Otra forma en la que se anula el juicio, como explica el filósofo político estadounidense Roger Berkowitz, es con la estadística. Con números, la sociología, la economía, o la ciencia política pretenden hacer los acontecimientos sociales y las acciones personales como calculables, predecibles y manipulables a través de la búsqueda de leyes de la sociedad. El reducir lo que somos a una distribución normal termina sacándole la responsabilidad de sus acciones a las personas. Explica Berkowitz que decir que alguien comete un delito porque creció en la pobreza, con madre adicta, tiene un trastorno psicológico o lo que fuere, es cuestionar la asunción misma de responsabilidad personal que subyace al juicio. Lo fundamental, afirma el pensador americano, es que el juicio afirma una verdad en medio de la tolerancia que es parte del liberalismo llevado a su extremo vicioso. El juicio rechaza los valores liberales de relativismo, igualdad y objetividad científica que definen nuestro tiempo. Consiste básicamente en jugársela por algo en detrimento de la corrección política que censura y homogeniza.

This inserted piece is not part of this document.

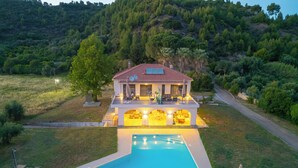 A two-story house with a swimming pool, surrounded by a landscaped garden and a hilly backdrop.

El uso de drogas que anulan la personalidad, como se ve en muchas ciudades, tiene causas tanto estructurales como individuales. Estructuralmente, las drogas han adquirido cierto glamour en la cultura popular a través de series y estilos de música que se asocian con un tipo de vida transgresor. A través de la liviandad con que se trata a las nuevas drogas (más allá de las de siempre como el alcohol), se critica órdenes morales objetivos que en nuestra época se ven como perimidos, pero que eran la base para distinguir lo que está bien y lo que está mal, lo decente de lo indecente, lo decoroso de lo indecoroso. El adicto se transforma en una consecuencia de sus circunstancias, en objeto de compasión. En la peligrosa politización absoluta en la que vivimos, el Estado y sus burocracias se transforman en garantes de un orden social donde nada es mejor que nada, ya que no hay estándares para juzgar.
En “La soberanía del bien”, la filósofa Iris Murdoch escribió que la persona común, a menos que esté corrompida por la filosofía (o digo yo, la sociología), sabe que algunas cosas son realmente mejores que otras, que hay cosas que son verdad y otras que son mentira. C.S. Lewis caracterizó muy tempranamente nuestra época relativista como “la abolición del hombre”, que no es otra cosa que la época de las estructuras y la abolición del juicio.